# Doughnuts — Adapted from Dunkin' Doughnuts Clone



## WayneT (Oct 12, 2004)

*
The glass and the red measuring spoon used for cutting out the doughnuts or use a doughnut cutter.*





*
For cinnamon Doughnuts mix 1 cup sugar with 1 tabsp cinnamon.
For glazed doughnuts follow glaze recipe below.*

(Makes 2 dozen donuts using similar cutters to mine.)

** DONUTS*
    * One 1/4-ounce package active dry yeast
    * 2 tablespoons warm water (98 degrees)
    * 1 tsp Vanilla Essence
    * 3/4 cup warm milk (30 seconds in the microwave does the trick)
    * 2 1/2 tablespoons margarine or butter
    * 1 egg
    * 1/3 cup granulated sugar
    * 1 teaspoon salt
    * 2 3/4 cups all-purpose flour

*>>> Oil for deep frying<<<<<<* (I used Olive oil, beautiful, no strange tastes.)

*Method *
   1. In a medium bowl, dissolve the yeast in the warm water.
   2. Add the milk, margarine or butter, egg, sugar, and salt, and blend with an electric mixer until smooth.
   3. Add half the flour and mix for 30 seconds.
   4. Add the remaining flour and knead the dough with flour-dusted hands until smooth. Dough will be rather soft but not too sticky.
   5. Cover the bowl of dough and leave it in a  warm place until the dough doubles in size, 45-60 mins. You can tell that the dough has risen enough when you poke it with your finger and the indentation stays.
   6. Rollout the dough on a heavily floured surface until it's about 1/2 inch thick.

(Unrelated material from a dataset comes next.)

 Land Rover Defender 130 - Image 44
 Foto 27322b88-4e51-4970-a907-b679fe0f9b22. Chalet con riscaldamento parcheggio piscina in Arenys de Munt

Cut out doughnuts with a cutter or other implements. Make sure the gadget you use for the centre has at least one hole for air to escape as you press down.

Let stand for 15 minutes.

Heat oil on medium heat and fy each donut for about 60 seconds per side, or until light golden brown, I do about 4-5 at a time. Cool 5 minutes on paper towels. Toss in cinnamon sugar or use glaze as below. If not using a deep fryer try a wok like I did, less oil for a reasonable depth.

*    * GLAZE*
    * 5 1/3 tablespoons (1/3 cup) margarine or butter
    * 2 cups powdered/icing/confectioners sugar
    * 1/2 teaspoon vanilla extract
    * 1/3 cup hot water
*
* FOR CHOCOLATE GLAZE ADD:*
 * 1 cup semisweet chocolate chips

For either the plain or the chocolate glaze, combine the margarine or butter with the powdered sugar in a medium bowl and blend with an electric mixer.
Add the vanilla and hot water. Mix until smooth.
If you're making the chocolate glaze, melt the chocolate chips in a microwave-safe bowl in the microwave for 30 to 40 seconds. Stir, then microwave another 30 seconds and stir again until completely melted. Add to the plain glaze mixture. Blend until smooth.
When the donuts have cooled, dip each top surface into the glaze and then flip over and cool on a plate until the glaze firms up, about 15 minutes.

TIDBITS
You can also make "donut holes" as they do at Dunkin' Donuts by cooking and glazing the holes you've punched out the same way you prepared the donuts.


----------



## crewsk (Oct 12, 2004)

WayneT, thank you so much for posting this!! They look yummy & pretty easy to make. Dang, now I have to go to the grocery store & get some yeast!


----------



## WayneT (Oct 12, 2004)

*CREWSK*
We are in the middle of scoffing these now as I type. I am a cinnamon doughnut person myself. I have edited a couple of lines since you first read it (mainly grammatical stuff). I actually made them like bread, just chucked everything in the mixer and kneaded for 5 mins.


----------



## crewsk (Oct 12, 2004)

Lucky you, how about air mailing me a few.  These are my donughts. I cheat BIG TIME!!! But they are good when I want something sweet fast.

"Doughnuts"  

1 can biscuits
powdered sugar
cinnamon sugar

Heat large pot of vegetable oil or use deep fryer to 350 deg. Make hole in the center of each biscuit with small cookie cutter or knife. Fry biscuits in hot oil until golden brown. Remove with slotted spoon and drain on paper towels. Sprinkle with powdered sugar or cinnamon sugar & serve warm. Don't forget to fry the "doughnut" holes too!


----------



## WayneT (Oct 12, 2004)

*Re: Doughnuts — Ingredient Left Out*

*I left out the vanilla essence in my doughnut recipe!!! SORRY.*


----------



## middie (Oct 12, 2004)

oh i can do that!! easy!!
looks yummy too


----------



## chefcyn (Oct 14, 2004)

crewsk said:
			
		

> Lucky you, how about air mailing me a few.  These are my donughts. I cheat BIG TIME!!! But they are good when I want something sweet fast.
> 
> "Doughnuts"
> 
> ...



We don't make "doughnut holes" when we make these, all we do is poke a hole in the center of the biscuit and stretch it a bit! Less tools to wash later!    Good camping treat.


----------